By the fourth occasion we'd become severely disinclined to leave the room, but the alarm didn't stop, and as I pointed out to R the joke would be on us if we ignored it and burned to death, so: "I'll go," I said. "I need to hurl abuse at someone. If there really is a problem, I'll text you." In the end I didn't abuse anyone because the staircase went past the main alarm panels, which by then were being closely examined by four fire officers, and I found myself standing watching them as they yelled questions at a hotel manager, trying to hold a conversation above the truly appalling noise of the alarm. Eventually they noticed me, and one of the fire officers said they believed it to be a fault: "You're not in any immediate danger." The manager then said that guests were currently being offered free drinks in the bar, and as this room also had the advantage of being on the ground floor, R and I went down and sat with our drinks over a sudoku puzzle, until the execrable noise eventually stopped at around 11pm. By this time, I probably need hardly tell you, I was far too wired to sleep.

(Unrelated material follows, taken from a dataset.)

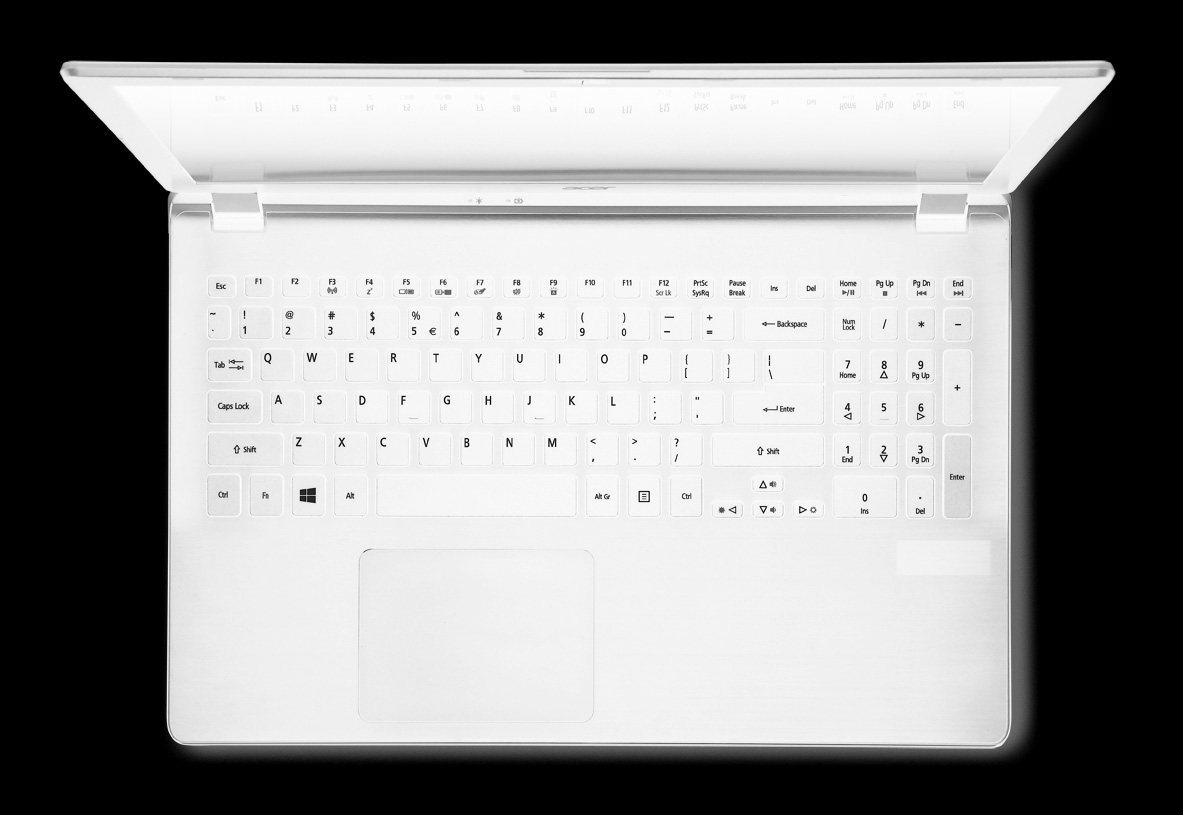 10 - Rondleiding door uw Acer-notebook Overzicht toetsenbord 1 2 3 # Pictogram Item Beschrijving Geeft de energiestatus van de Stroomindicator computer aan. Geeft de accustatus aan.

Given all this hoohah, I wasn't at my sunny best this morning, but the beaming smile we received from the Boy Wonder when we arrived back at his house after breakfast made everything fine again. We had another lovely day, with just one small hiccup when B woke up inconsolably distressed from his afternoon nap. For a few minutes I was genuinely worried that there might be something wrong with him, but R fetched him a glass of water and a cardamom bun from the Swedish café, and within minutes, like one of those dry flowers that unfurls in water, he changed back into a happy, busy, confiding little boy.
Back in 1986, a few weeks after R and I began seeing each other, he told me (warningly) that he didn't want children. "Oh, OK, " I said. "Got it." While thinking We'll see about that. Which we duly did, and it turned out that he loved being a Dad, and was pretty good at it. But I'm confident he'd say that being a Granddad is even better. I was sitting on a bench on the café decking when I took this, watching R and B chatting at the top of the steps down to the park, and I found the interaction between them quite charming. At this moment B was pointing out a small piece of grated cheese on the grooved planking, and R was explaining that it was fine to leave it there because some animal or bird would come along later and eat it, and that they'd be grateful for it.
We didn't know until this point that "cheese" was one of B's words, and we find it slightly perplexing that it's already entered his vocabulary, given that he doesn't particularly like cheese. But he's reached the stage of trying out new words and sounds much more readily, often echoing back something a grown-up says if it's not too difficult or it reminds him of something already knows, so maybe that's how cheese sneaked in. He's also started to use pitching for effect: for example, "more?" (as in, "May I have some more of that?") is a drawn-out syllable on a sharply upward inflection, that falls somewhere between Harry Secombe playing Mr Bumble, and Edith Evans doing "A haaaaandbag??!!", and which he's so confident his grown-ups will find funny that he often follows it with a cheeky grin. Yesterday he polished "more" even further, adding in a shrugging movement of the shoulders with his hands spread wide and his head tipped to one side, which was so perfectly judged that R nearly fell over laughing.